Task instructions: The range to repeat runs from the line with "Viking Professional 12-Cup Coffee Maker" to the last line below, both ends included; give it exactly and without pictures.
-- Provided material follows --
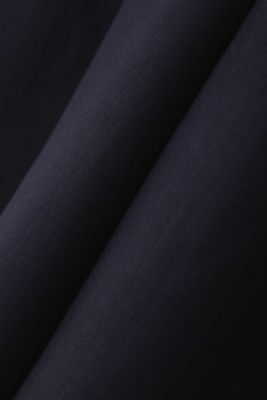 麻調合繊ベルト使いキュロット（０７７９１２０５０１）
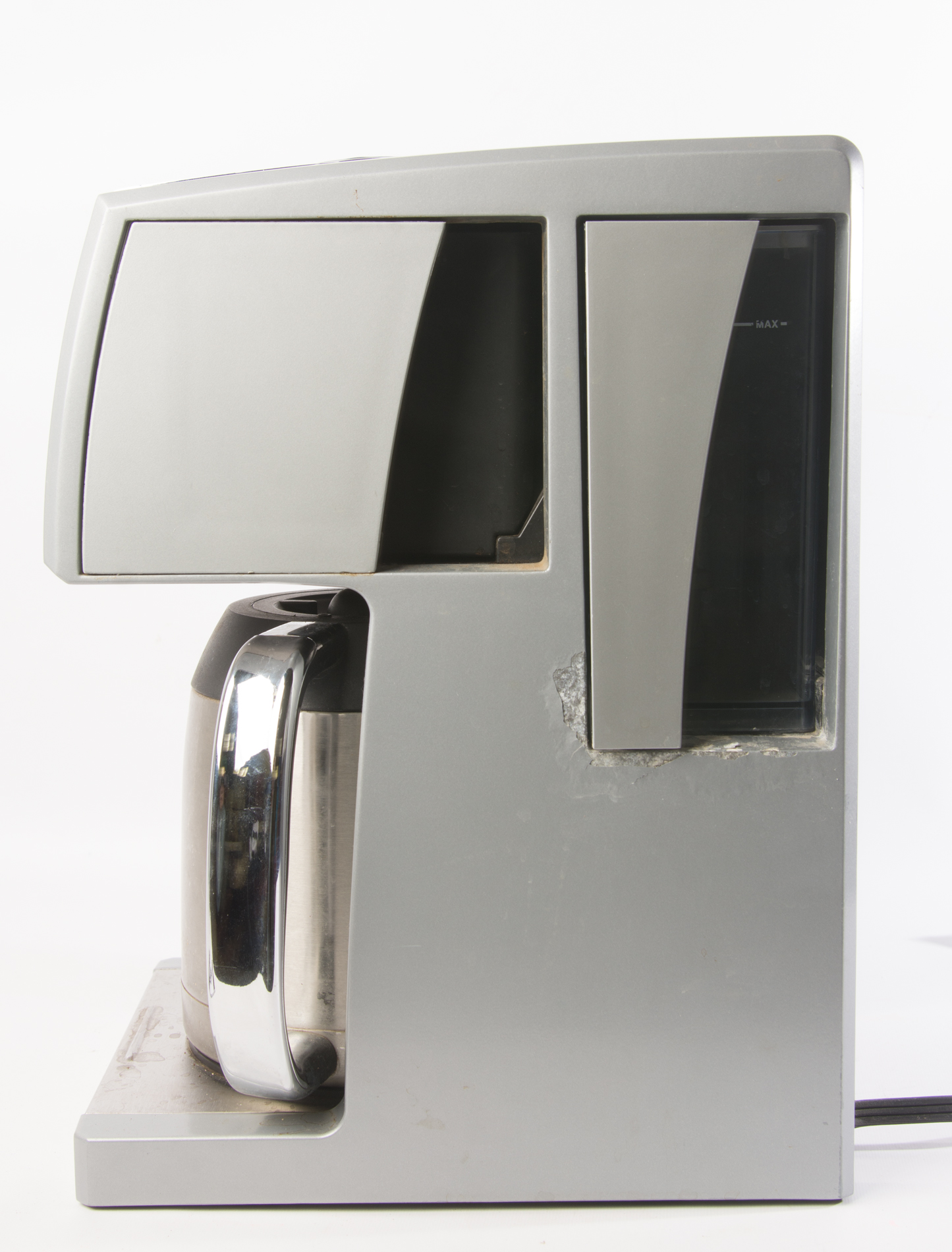 Viking Professional 12-Cup Coffee Maker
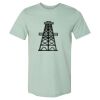 CVC Jersey Tee Thumbnail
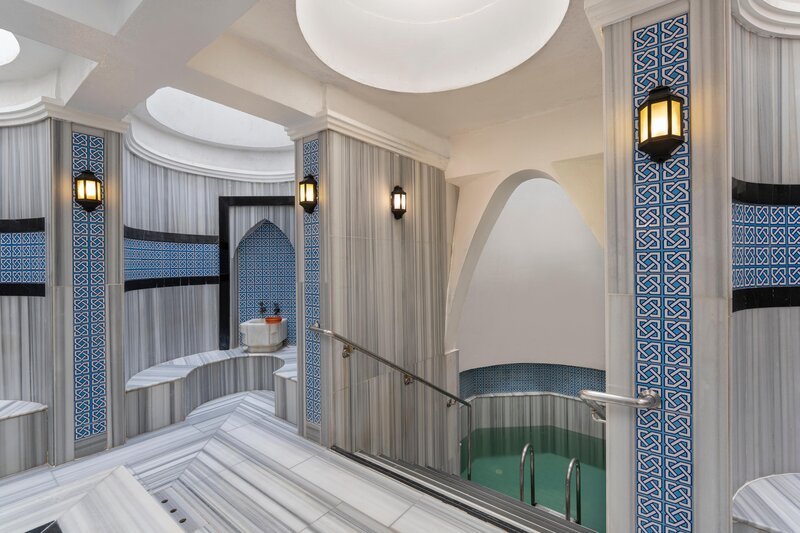 Limak Atlantis Deluxe Hotel & Resort 28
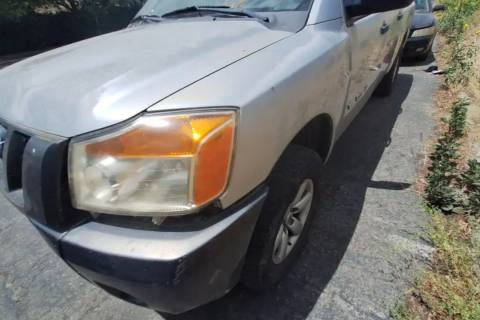 Photo of 2008 Nissan Titan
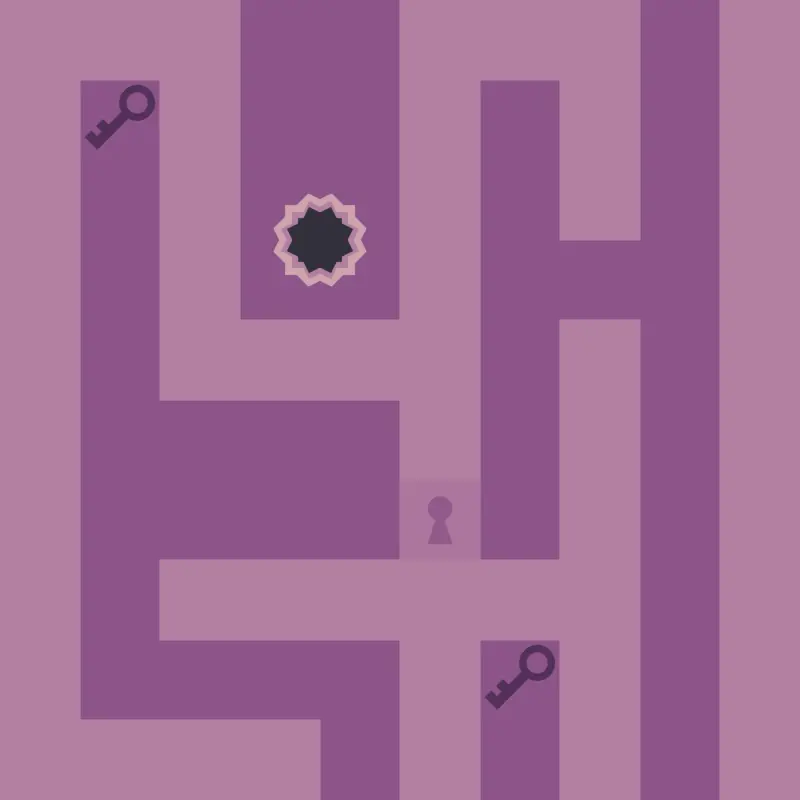 Game by @TomDucerese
-- Provided material concluded --
Reply to the exercise:
 Viking Professional 12-Cup Coffee Maker
 CVC Jersey Tee Thumbnail
 Limak Atlantis Deluxe Hotel & Resort 28
 Photo of 2008 Nissan Titan
 Game by @TomDucerese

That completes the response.